- What needs to be done -
Below are the entries; give again exactly the lines from the one mentioning "2PCS Patio Outdoor" through the one mentioning "Women's Yellow V-Neck Sweater", inclusive.

- Data in this exercise -
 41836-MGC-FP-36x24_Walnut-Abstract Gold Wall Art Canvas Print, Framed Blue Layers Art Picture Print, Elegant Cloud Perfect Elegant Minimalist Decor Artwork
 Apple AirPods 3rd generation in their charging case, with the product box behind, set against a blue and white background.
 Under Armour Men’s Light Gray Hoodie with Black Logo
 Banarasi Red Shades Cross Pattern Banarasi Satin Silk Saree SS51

--

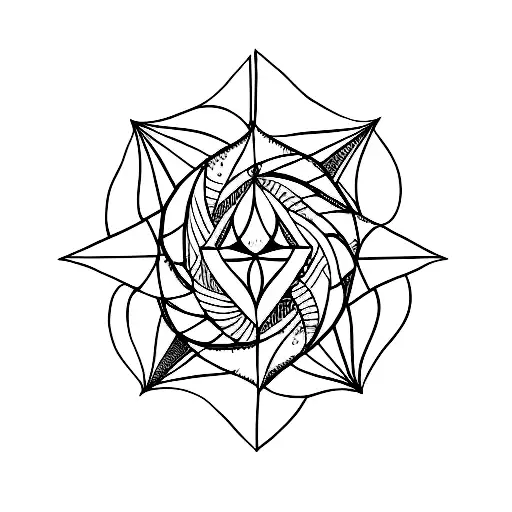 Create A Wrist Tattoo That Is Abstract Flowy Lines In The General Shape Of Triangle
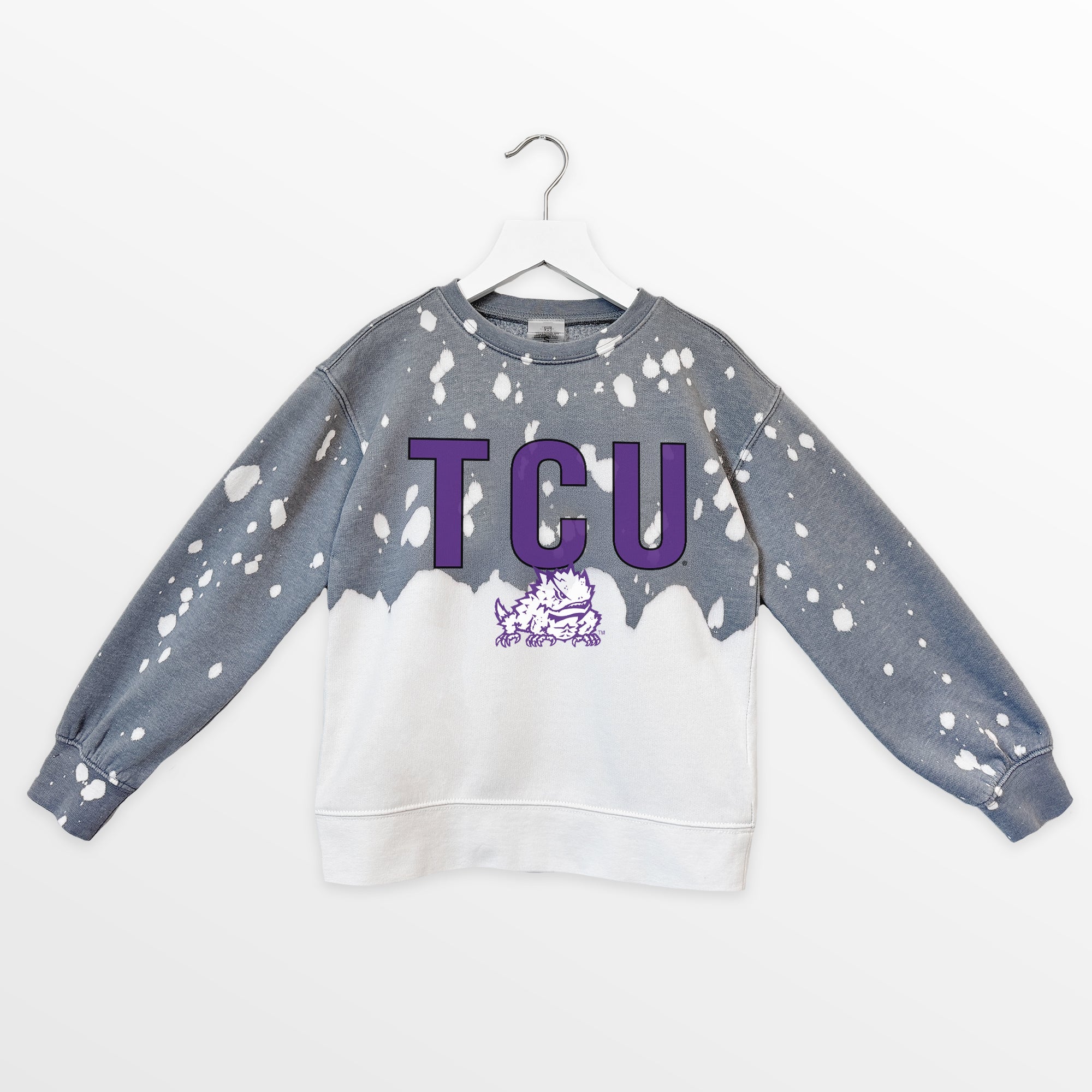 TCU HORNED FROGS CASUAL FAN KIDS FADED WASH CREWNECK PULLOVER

==

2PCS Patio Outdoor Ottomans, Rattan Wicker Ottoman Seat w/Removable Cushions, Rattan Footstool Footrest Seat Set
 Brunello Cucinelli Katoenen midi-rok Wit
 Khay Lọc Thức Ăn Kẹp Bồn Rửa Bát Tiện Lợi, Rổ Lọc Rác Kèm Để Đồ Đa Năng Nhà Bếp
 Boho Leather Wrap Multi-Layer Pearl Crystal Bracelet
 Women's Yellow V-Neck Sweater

- Result of this task -
2PCS Patio Outdoor Ottomans, Rattan Wicker Ottoman Seat w/Removable Cushions, Rattan Footstool Footrest Seat Set
 Brunello Cucinelli Katoenen midi-rok Wit
 Khay Lọc Thức Ăn Kẹp Bồn Rửa Bát Tiện Lợi, Rổ Lọc Rác Kèm Để Đồ Đa Năng Nhà Bếp
 Boho Leather Wrap Multi-Layer Pearl Crystal Bracelet
 Women's Yellow V-Neck Sweater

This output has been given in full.